Since General Benham’s fiasco last June, the US Navy has been busy working up its own plans for taking Charleston, South Carolina. The ability of the Monitor to withstand punishment in her duel with the more heavily armed Virginia at Hampton Roads last March convinced Secretary of the Navy Gideon Wells and his assistant, Gustavus Fox, that the revolutionary little ironclad is just the weapon to bring Charleston to her knees. Lobbying before a Congressional committee for an entire fleet of such ships, Fox rashly asserted that the Monitor is impregnable, and could steam into Charleston Harbor all by herself. It would be a simple matter, Fox contended, for a flotilla of monitors to compel a quick surrender. He was determined that the Navy should have the glory of capturing Charleston, and the sooner the better. As Fox put it, he has two responsibilities: “First to beat our Southern friends; second to beat the Army.” In Fox’s plan for the Charleston operation, the Army will play only a secondary role: Ten thousand soldiers would be landed on the undefended shores of Folly Island, south of the city, and stand by to occupy Charleston once it has been battered into submission by the Navy’s guns. It would be another New Orleans. But unlike New Orleans, which had been defended by two strongpoints downriver, Charleston Harbor is, in the words of a US Navy officer, “a cul-de-sac, a circle of fire” comparable to “a porcupine’s quills turned outside in.” the imposing ring of forts that protect it will have to be silenced; otherwise, they will pound the fleet as it sails through the harbor.

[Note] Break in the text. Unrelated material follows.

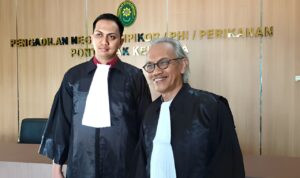 Herman Hofi Kuasa Hukum Korban Mafia Tanah Tidak Ada Alasan Penyidik Polda Kalbar Terbitkan SP3 Kasus PT Bumi Raya Tidak Berdasa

The Federal officer who is to lead the ironclad flotilla against Charleston is Rear Admiral Samuel F. Du Pont, a hale and handsome aristocrat nearing his sixtieth year. As commander of the South Atlantic Blockading Squadron and hero of the attack on the Port Royal forts, Du Pont possesses impressive credentials. As an old school Navy man who has spent his professional career commanding wooden warships, however, he is mistrustful of the newfangled machines he is to lead into Charleston Harbor. He worries about their maneuverability, their seaworthiness, and their offensive capabilities against strong coastal defenses. Each monitor mounts two guns, a 15-incher and an 11-inch Dahlgren, both in a heavily armored rotating turret. These guns are bigger than any that General Beauregard can bring to bear against them, but under the best of circumstances they can be fired only once every five minutes. (As one wag put it, a man could smoke a cigar between firings.) The monitors are nearly immune to sinking by shore fire, but their delicate machinery is easily damaged. Cannonballs striking their turrets can jam the gun-rotating mechanisms and porthole shutters, leaving the vessels crippled as fighting machines.

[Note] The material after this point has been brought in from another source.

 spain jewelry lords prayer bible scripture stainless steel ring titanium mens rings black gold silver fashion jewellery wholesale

By now Du Pont has received the first monitors. To test their firepower and vulnerability, he dispatches a naval force led by the monitor USS Montauk, against Fort McAllister, a huge earthwork on the Ogeechee River south of Savannah, Georgia. After several hours’ bombardment, the squadron inflicts virtually no damage and withdraws.
There are affairs at Bloomfield, Missouri; near Germantown, Tennessee; a Federal reconnaissance on the Neuse, Dover, and Trent roads, North Carolina; and a skirmish at Deserted House near Suffolk, Virginia.
The proprietor of the Philadelphia Journal, A.D. Boileau, is arrested and taken to Washington for printing anti-Northern material.
President Davis compliments Governor Brown of Georgia for cutting back cotton cultivation and urging produce cultivation, adding, “The possibility of a short supply of provisions presents the greatest danger to a successful prosecution of the war.”